2.4. Crosslinking Density

The crosslinking density of the film was calculated using the Flory–Rehner equation [41].

$$V_e=-{\displaystyle \frac{\mathit{ln}\left(1-V_2\right)+V_2+x{V}_2^2}{V_1(V_2^{1/3}-V_2/2)}}$$

(1)

where $V_e$ is the crosslinking density of the hydrogel, and $x$ is the polymer–solvent interaction parameter ($x\approx 0.49$). $V_1$ is the molar volume of water. $V_2$ is the volume fraction of film in water:

$$V_2={\displaystyle \frac{m_d{\rho }_s}{\left(m_s-m_d\right){\rho }_p+m_d{\rho }_s}}$$

(2)

where $m_d$ is the mass of the sample before swelling, $m_s$ is the mass of the sample at equilibrium swelling, and ${\rho }_s$ and ${\rho }_p$ are the densities of the solvent and elastomer, respectively.

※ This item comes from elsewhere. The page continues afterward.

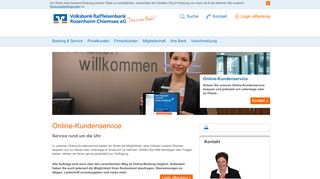 
                            4. Online-Kundenservice - Volksbank Raiffeisenbank Rosenheim ...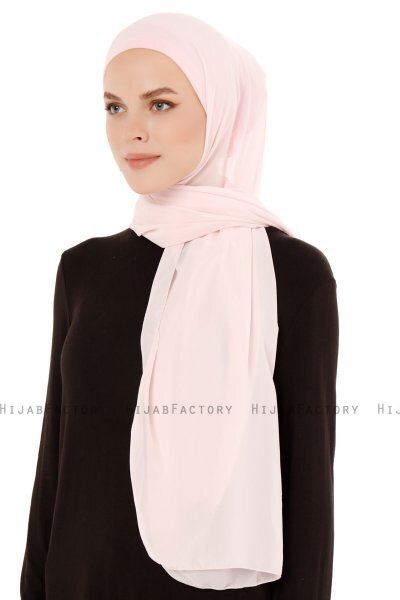 Derya - Hijab Pratico Chiffon Polvere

2.5. Determination of Activation Volume and Energy

The Eyring model was used to determine the activation volume and energy [42].

$${\sigma }_y\approx {\displaystyle \frac{2KT}{V_a}}\mathit{ln}{\epsilon }^{.}+{\displaystyle \frac{2E_a}{V_a}}$$

(3)

where ${\sigma }_y$ indicates the yield stress, $E_a$ represents the activation energy, ${\epsilon }^{.}$ indicates the strain rate, and $V_a$ denotes the activation volume.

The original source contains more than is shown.